Now I have to sit here for twenty minutes, which is not great because it’s dark, it’s cramped and there’s no air… this is a crappy combination for someone with my health issues. I’m also feeling extremely hot. Earlier on, Margaret claimed she was on the verge of freezing to death and stormed off to the boiler room to try and kick-start the heating. Maybe she turned it up to warp factor nine. Maybe that’s why I am drenched in sweat. I try to ignore my rapidly increasing heart rate. Deep breaths. Deep breaths. This is the theatre and the show must go on, even when you’re locked in an oven. Fortunately, Kamil has drilled a small spyhole into the door so I can see what’s going on. I spot another couple of actors from the drama group, Rachel and Shaun, enter the stage as the neighbours dressed in ridiculous Oxfam approximations of upper-middle-class seventies casual wear. But that’s not all I notice. Around the entrance to the backstage area there appears to be a large pool of water. Little streams are working their way along the wall towards me. For a second, I wonder if this is a last-minute special effect that my dad has introduced without telling me – but then I notice Shaun nervously eyeing the flood and elbowing Rachel in the side. Something is wrong. Tendrils of water are slithering towards the main stage area, and I’m thinking, is this a hazard? There are all these lights and cables around. Oh god, it’s like an opening scene from Casualty. The whole cast is about to be electrocuted.
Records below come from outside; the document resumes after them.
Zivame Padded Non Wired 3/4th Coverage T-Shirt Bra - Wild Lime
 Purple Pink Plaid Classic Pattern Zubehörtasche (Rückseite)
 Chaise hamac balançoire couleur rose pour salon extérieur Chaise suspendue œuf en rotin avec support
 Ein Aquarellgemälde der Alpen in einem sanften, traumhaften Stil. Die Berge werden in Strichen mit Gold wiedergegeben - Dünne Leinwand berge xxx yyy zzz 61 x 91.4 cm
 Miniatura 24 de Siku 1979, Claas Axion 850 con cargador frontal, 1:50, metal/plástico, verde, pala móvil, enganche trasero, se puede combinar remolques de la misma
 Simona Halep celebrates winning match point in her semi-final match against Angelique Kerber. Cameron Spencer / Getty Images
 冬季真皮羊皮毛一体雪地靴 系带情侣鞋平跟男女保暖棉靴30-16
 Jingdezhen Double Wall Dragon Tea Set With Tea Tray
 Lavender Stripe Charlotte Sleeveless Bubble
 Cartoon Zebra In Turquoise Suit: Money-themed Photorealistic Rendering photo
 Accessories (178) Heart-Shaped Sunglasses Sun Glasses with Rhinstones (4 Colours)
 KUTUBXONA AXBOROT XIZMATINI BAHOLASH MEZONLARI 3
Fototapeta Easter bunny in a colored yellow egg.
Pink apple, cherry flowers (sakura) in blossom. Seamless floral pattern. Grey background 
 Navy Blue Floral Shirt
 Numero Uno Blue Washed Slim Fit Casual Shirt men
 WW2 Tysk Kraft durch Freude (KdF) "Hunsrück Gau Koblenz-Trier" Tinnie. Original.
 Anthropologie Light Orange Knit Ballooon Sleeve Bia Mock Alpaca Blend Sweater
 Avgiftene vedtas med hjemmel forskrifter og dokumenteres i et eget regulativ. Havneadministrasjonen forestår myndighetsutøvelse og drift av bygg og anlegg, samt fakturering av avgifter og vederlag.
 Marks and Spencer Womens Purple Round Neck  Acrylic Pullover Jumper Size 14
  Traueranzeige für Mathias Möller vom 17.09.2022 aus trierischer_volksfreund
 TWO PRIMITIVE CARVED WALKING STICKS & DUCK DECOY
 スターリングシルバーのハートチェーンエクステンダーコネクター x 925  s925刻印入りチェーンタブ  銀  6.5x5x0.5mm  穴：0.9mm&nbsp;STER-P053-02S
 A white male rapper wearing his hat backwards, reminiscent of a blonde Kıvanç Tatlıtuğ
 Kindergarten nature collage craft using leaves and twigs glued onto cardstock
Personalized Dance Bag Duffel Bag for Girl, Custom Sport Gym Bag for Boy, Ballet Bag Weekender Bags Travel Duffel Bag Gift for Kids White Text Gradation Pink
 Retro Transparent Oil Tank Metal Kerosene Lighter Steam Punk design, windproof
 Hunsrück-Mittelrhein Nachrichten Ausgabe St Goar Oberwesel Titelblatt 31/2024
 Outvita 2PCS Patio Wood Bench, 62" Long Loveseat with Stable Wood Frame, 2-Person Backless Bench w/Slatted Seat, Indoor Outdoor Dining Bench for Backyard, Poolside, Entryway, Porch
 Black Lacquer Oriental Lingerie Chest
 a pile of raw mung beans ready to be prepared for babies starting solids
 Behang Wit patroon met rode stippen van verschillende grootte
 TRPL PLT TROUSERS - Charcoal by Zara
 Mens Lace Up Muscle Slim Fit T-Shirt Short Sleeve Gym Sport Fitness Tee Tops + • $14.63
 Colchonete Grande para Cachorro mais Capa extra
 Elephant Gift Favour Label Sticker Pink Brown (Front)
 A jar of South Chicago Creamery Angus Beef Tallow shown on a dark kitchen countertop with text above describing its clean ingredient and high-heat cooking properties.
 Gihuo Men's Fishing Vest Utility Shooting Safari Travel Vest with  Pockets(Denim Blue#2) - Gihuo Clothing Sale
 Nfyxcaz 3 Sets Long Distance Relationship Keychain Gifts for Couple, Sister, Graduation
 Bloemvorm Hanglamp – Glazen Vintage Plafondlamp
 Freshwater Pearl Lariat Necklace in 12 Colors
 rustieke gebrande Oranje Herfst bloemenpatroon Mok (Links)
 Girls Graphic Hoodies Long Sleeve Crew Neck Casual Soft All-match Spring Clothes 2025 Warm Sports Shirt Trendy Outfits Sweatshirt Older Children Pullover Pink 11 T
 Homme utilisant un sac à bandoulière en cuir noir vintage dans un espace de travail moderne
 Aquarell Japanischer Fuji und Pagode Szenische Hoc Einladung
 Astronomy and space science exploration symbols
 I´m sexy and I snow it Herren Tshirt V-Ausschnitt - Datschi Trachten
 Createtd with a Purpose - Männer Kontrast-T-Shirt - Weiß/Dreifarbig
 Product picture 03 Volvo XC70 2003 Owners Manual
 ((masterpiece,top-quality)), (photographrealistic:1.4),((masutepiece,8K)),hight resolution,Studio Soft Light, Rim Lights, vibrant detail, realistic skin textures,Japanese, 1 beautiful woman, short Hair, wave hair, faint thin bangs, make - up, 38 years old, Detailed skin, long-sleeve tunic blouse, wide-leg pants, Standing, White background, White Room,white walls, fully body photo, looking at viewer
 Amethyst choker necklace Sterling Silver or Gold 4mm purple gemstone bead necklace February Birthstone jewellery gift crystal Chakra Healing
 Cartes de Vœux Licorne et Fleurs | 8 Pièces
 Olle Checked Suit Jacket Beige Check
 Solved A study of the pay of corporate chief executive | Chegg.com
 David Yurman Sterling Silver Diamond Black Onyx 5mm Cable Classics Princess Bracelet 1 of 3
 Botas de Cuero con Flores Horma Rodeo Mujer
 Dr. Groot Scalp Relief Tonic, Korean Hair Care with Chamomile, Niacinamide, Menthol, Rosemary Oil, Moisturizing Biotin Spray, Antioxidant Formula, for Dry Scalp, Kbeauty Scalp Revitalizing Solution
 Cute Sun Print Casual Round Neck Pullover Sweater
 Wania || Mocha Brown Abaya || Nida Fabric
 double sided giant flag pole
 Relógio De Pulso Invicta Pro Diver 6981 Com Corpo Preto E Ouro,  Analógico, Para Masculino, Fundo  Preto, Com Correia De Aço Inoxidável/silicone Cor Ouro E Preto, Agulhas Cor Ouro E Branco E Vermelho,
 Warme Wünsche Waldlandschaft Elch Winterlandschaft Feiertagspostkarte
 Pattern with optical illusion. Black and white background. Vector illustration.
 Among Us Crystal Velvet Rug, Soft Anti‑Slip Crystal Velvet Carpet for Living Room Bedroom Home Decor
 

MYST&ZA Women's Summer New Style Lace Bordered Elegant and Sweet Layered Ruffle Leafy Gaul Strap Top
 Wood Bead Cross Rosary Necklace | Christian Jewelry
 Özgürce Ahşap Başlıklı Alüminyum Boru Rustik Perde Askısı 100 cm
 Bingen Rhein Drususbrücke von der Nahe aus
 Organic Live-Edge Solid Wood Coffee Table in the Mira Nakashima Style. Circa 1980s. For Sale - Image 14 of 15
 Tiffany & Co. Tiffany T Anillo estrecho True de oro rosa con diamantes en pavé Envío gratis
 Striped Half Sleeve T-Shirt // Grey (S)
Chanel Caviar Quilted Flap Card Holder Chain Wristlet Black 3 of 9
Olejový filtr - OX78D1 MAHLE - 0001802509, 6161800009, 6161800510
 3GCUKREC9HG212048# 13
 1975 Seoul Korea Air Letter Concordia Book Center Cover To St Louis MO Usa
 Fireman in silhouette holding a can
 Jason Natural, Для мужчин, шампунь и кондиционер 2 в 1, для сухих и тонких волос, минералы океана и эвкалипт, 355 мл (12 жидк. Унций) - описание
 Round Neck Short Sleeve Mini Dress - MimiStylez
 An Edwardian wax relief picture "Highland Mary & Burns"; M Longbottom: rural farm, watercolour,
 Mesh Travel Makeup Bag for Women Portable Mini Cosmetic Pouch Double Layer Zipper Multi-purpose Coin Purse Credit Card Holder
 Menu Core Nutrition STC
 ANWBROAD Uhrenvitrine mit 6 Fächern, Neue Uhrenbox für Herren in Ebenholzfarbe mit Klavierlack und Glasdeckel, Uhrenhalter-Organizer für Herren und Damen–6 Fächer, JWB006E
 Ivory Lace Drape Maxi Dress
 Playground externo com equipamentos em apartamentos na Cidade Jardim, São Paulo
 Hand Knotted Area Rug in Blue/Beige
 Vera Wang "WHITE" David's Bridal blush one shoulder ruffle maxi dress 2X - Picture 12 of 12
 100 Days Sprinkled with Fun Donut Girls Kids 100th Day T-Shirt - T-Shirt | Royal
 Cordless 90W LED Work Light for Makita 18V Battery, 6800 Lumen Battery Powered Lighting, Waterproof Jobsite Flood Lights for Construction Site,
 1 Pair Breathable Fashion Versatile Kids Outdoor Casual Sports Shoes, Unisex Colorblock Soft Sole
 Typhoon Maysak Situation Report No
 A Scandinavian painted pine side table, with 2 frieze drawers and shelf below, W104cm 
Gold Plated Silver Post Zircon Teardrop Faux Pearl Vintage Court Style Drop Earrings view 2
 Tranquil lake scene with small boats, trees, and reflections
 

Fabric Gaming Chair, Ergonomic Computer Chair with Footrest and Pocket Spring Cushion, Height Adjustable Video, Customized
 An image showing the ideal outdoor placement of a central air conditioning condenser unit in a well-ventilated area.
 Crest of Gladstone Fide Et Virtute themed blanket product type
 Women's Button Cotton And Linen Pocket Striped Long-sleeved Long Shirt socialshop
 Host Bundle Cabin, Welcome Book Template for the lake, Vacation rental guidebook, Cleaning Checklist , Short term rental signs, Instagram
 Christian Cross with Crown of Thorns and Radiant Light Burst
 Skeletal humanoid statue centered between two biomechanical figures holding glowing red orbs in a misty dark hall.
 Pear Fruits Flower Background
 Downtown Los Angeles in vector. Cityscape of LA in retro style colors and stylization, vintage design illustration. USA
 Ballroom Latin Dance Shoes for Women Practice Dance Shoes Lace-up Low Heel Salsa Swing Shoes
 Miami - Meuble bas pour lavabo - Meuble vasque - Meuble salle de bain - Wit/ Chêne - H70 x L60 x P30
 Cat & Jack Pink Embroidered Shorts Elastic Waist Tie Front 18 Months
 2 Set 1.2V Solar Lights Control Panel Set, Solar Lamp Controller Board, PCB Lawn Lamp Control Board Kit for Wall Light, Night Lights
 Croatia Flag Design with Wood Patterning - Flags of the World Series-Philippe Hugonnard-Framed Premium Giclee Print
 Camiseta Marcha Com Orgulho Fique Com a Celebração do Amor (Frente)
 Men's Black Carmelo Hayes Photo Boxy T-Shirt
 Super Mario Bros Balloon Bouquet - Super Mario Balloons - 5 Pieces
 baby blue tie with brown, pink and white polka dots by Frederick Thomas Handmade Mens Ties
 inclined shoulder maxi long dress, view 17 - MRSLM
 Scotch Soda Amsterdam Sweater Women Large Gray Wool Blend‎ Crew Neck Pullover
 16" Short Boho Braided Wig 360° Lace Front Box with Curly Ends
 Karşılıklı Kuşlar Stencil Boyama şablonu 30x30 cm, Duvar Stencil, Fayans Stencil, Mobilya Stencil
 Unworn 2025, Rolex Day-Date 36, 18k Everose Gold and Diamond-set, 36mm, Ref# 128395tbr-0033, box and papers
Meanwhile in the play, it turns out that the neighbours think they have been invited to a swinging party, rather than a polite dinner soirée. As soon as Ted and Natasha leave the stage to ‘fetch the crudités’, Rachel and Shaun decide this is a code and start removing their clothes. The audience is really into it, guffawing unselfconsciously. Inevitably, the local vicar arrives, played by James, who is twenty-seven, really fit, and also the most devout atheist I’ve ever met. He sees the semi-naked couple and passes out on the sofa. Natasha shouts, ‘I’ll get you a stiff drink, this is not what it seems’, and then opens the cupboard door, at which point I sprawl out, swearing loudly. Everything is happening so quickly and there seems to be no way to subtly communicate to anyone else that we appear to be sinking. The vicar tries to help me up, but I fall on top of him (my favourite part of the play) and we sprawl together on the stage floor unable to extricate ourselves from each other. I try to whisper to James, ‘I think we’re sinking,’ but Natasha drags me up, almost yanking my arm out of its socket, and James crawls out through the door.
Our big finale has my parents chasing me around a table as the embarrassed neighbours get dressed. They finally restrain me, dumping me on a chair at the dining table, just as two police officers turn up, responding to reports of a possible orgy or violent murder. I pass out with my face in a strawberry pavlova. The generously constructed stunt dessert fills my nose and eyes with squirty cream, which has gone rancid under the lights.
And then, the play is over. There are a few tense moments of silence as the lights fade, but they are followed by rapturous applause. I bound to the front of the stage, taking Ted and Natasha’s hands and swinging them extravagantly. For a few seconds, I feel like a proper part of this bizarre little team. Later at the pub, the drama club actors will relive every line, every audience reaction, as they always do after a performance, whether it is good, like this, or bad, like that ill-advised attempt to stage Equus at a local horse and pony show.
I look into the crowds of people, hoping to spot Jenna and Daisy, or perhaps my drama teacher. But all the faces are similar and hard to make out beyond the clapping hands. Ted is hugging me and so is Natasha, and they pat me on the back, and then Natasha is very close and saying something, and I have to lean in to hear it. ‘Can you hear me, Hannah?’ she’s saying. ‘Are you still with us?’ I want to say, ‘I’m great. I’m a STAR.’ But then I realise I can’t really feel my legs, and a swirling black fog has gathered at the edges of my vision. I stagger backwards a bit.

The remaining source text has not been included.